# Angora goat purchase Fiber Question



## Jerry Fletcher (Apr 10, 2014)

We have the opportunity to buy a yearling white angora doe or a 2014 colored wether. We know that the doe's fiber wil stay finer than a buck's. does a wether fleece stay finer because he is neutered or wil be get buck coarse?
Thanks
Jerry
Run'n Amok Acres


----------



## raccoon breath (Aug 5, 2010)

Wethers don't coarsen up like bucks do, but feel him and see what he was born with. Just because he's a wether doesn't mean he's great so you'll have to feel. Same with the doe. Something else..when talking about the more common kind of angora goat (face curls), the whites are often finer than the colors..but feel.

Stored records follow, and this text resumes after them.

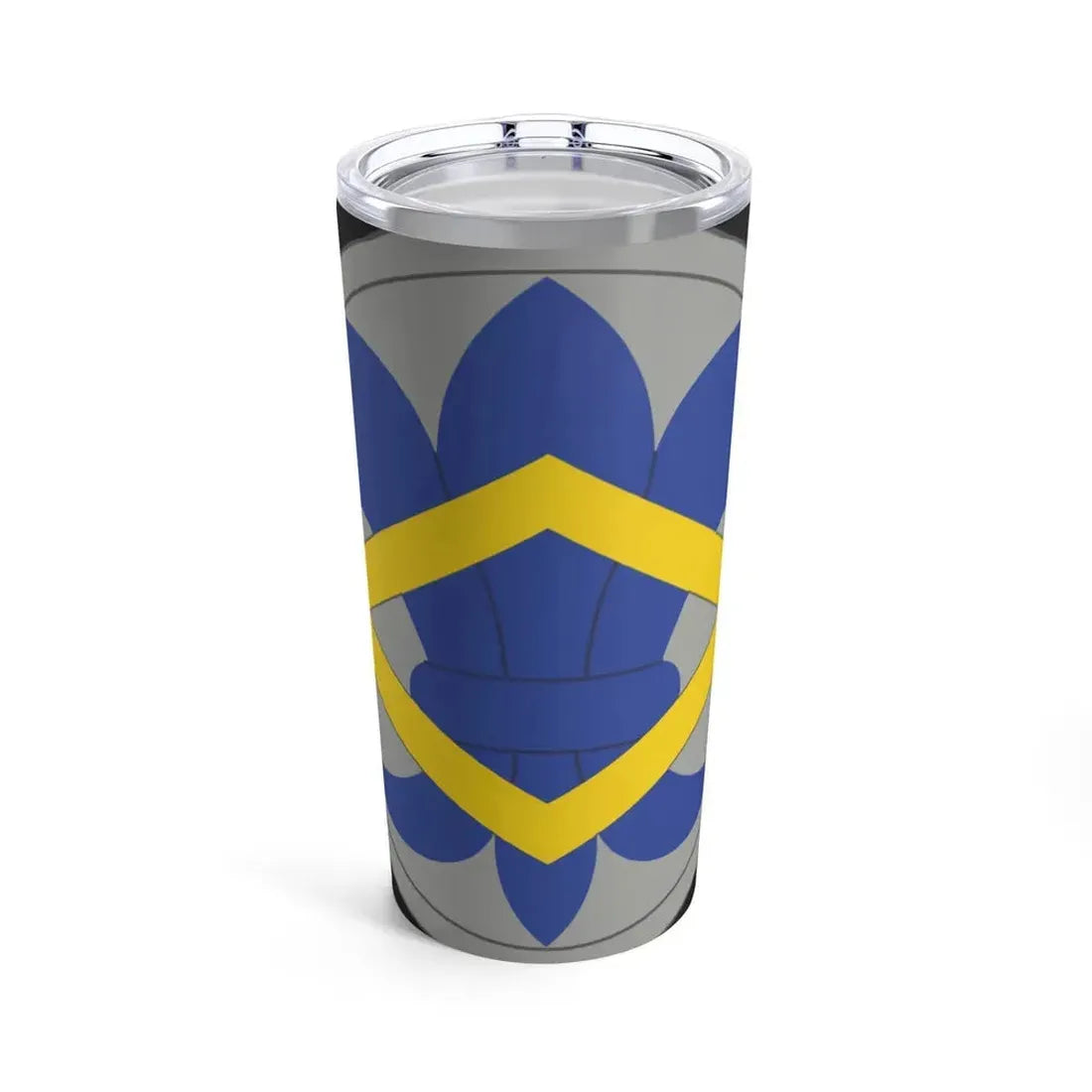 336 Finance Center (U.S. Army) Tumbler 20oz 20oz - Go Mug Yourself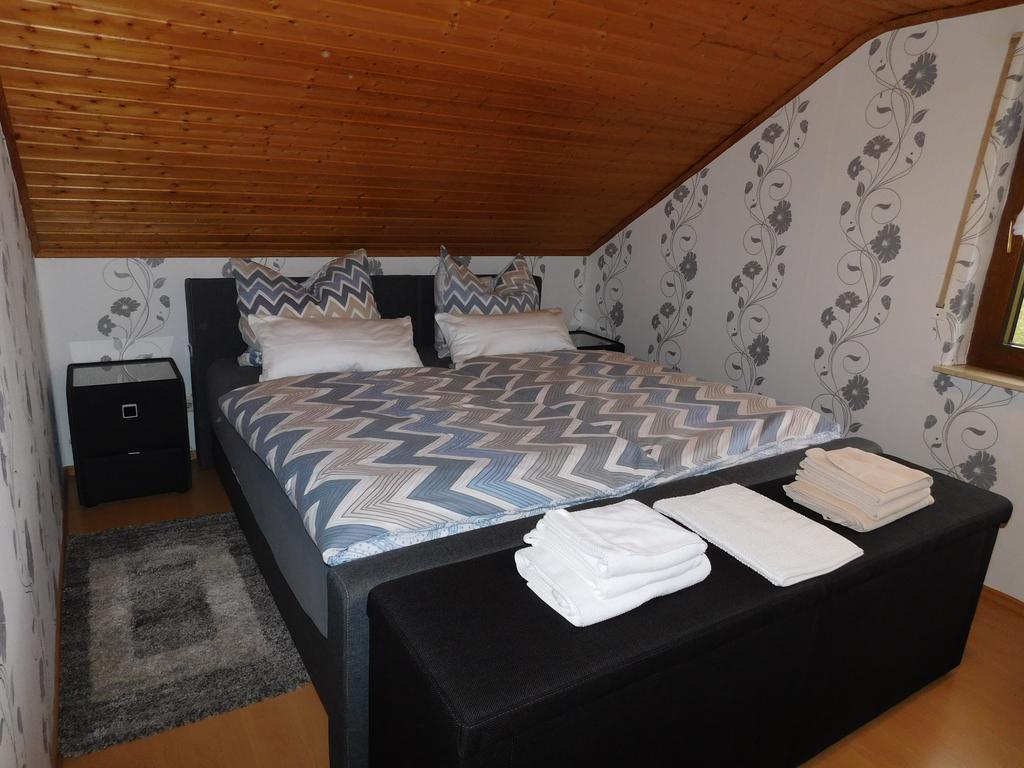 Ferienwohnung Schmitz Welling Екстер'єр фото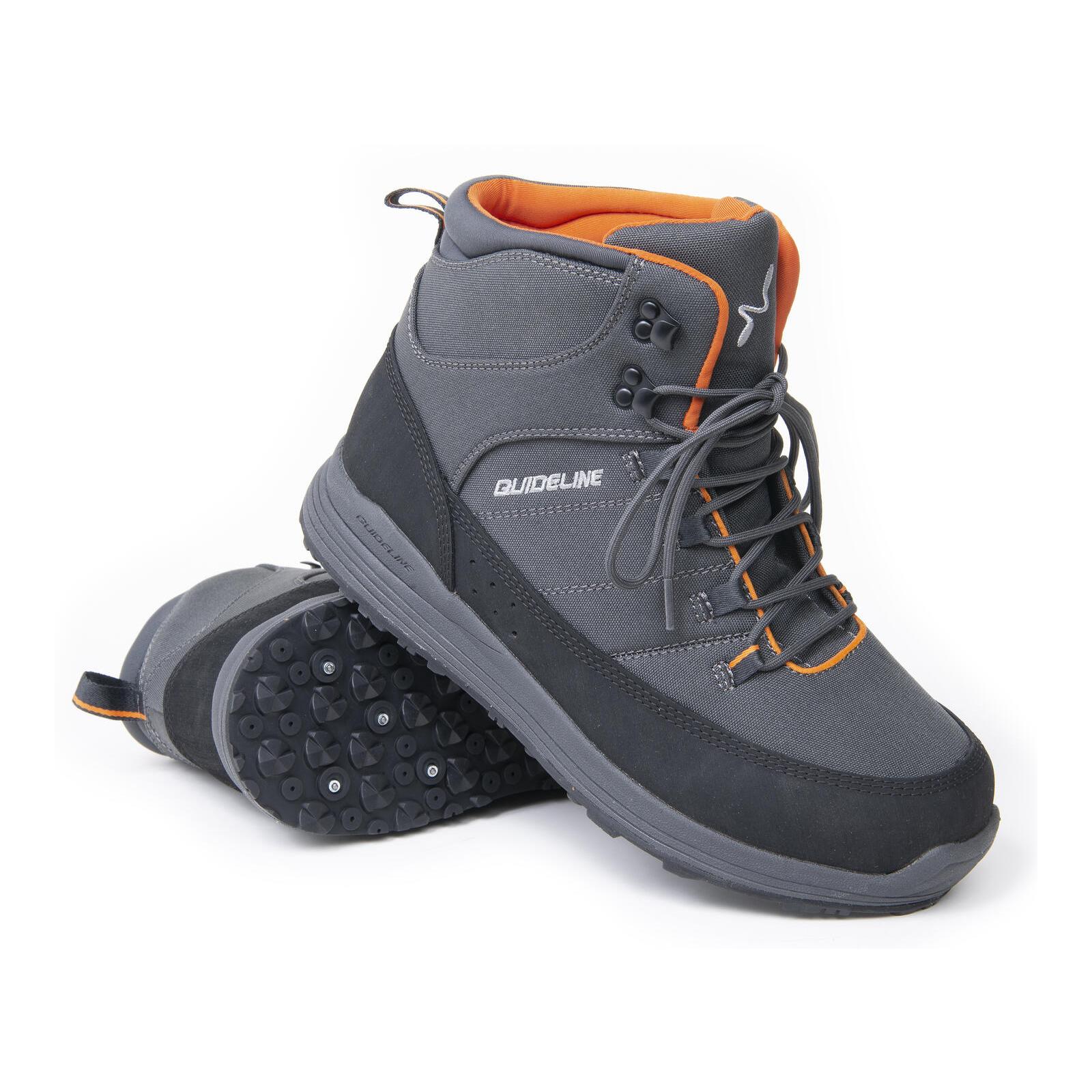 Laxa 3.0 Traction Boot - Watschuh - Produktbild 1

So yes...wethering will keep a male finer than keeping him a buck.


----------



## raccoon breath (Aug 5, 2010)

Wait, we're only in April for the 2014 so he might be very young, to young to tell anything. If it were me, I'd grab both.


----------



## Kasota (Nov 25, 2013)

RB, you are such an enabler. :cute:


----------



## raccoon breath (Aug 5, 2010)

Ha ha ha!! Goats need friends. I wonder what other fiber animals are for sale where Jerry lives? lol


----------



## Kasota (Nov 25, 2013)

Oh! This could be fun! Lets find fiber-critters for Jerry. :happy:


----------



## Jerry Fletcher (Apr 10, 2014)

I have Icelandic sheep, "Oh Boy!" a white ewe with a white ewe lamb "Oh My!" and a ram lamb "Oh Wow!" with a large moorit cape, "Annie" a badgerface ewe with a gray ewe lamb "April Snow", "Bonnie" a black and white spotted with a black and white spotted set of twins a ewe "geisha" and a ram "Bandit", and bottle baby Was Latte' shortened to "Lala" a moorit badger face ewe lamb.
My partner likes to spin so she would like a Angora goat..so we are looking......


----------



## Marchwind (May 10, 2002)

Awwwww! Jerry can you post these pictures in the babies thread too, please? They are precious lambs. Good hardy Minnesota lambs.


----------



## Jerry Fletcher (Apr 10, 2014)

Marchwind sure...ah where is the baby thread?
Jerry


----------



## DragonFlyFarm (Oct 12, 2012)

Two goats....you want AT LEAST two.......just sayin 
Love your sheep!


----------



## Pearl B (Sep 27, 2008)

Hi Jerry,

Your animals are adorable!

I think she means this thread.
http://www.homesteadingtoday.com/fiber-arts/508558-baby-animals-fiber-arts-7.html#post7049451


----------



## 7thswan (Nov 18, 2008)

I think Jerry needs some Angora Bunnys.


----------



## Kasota (Nov 25, 2013)

Oh, yes!! Jerry and his partner NEED angora bunnies! Jerry, tell your partner to come join in the fun. We'd love to meet her, too!


----------



## Jerry Fletcher (Apr 10, 2014)

Carolyn raised French Angora rabbits for years. Out of rabbits at the moment...but we have a friend who raises them! and has every color imaginable. So yes we have thought of bunnies too.......then we think well.......do we want the rabbit, goat or do we just want a bag of wool/mohair and call it good....but we are like two oldster 4-Hers. We have a pair yes a pair of mini horses..both under 29 inches tall! .Masters and Daisy yes Daisy is bred for next year, , a Ameraucana flock we developed..perfect blue egg..and most of them have blue plumage--solid, mixed with gray, silver or gold.The blues all came from Flash2 Look at him! Blue, gold, blue laced red undercarriage...black stipling oin his hackle feathers and yes he was a purebred Ameraucana!


----------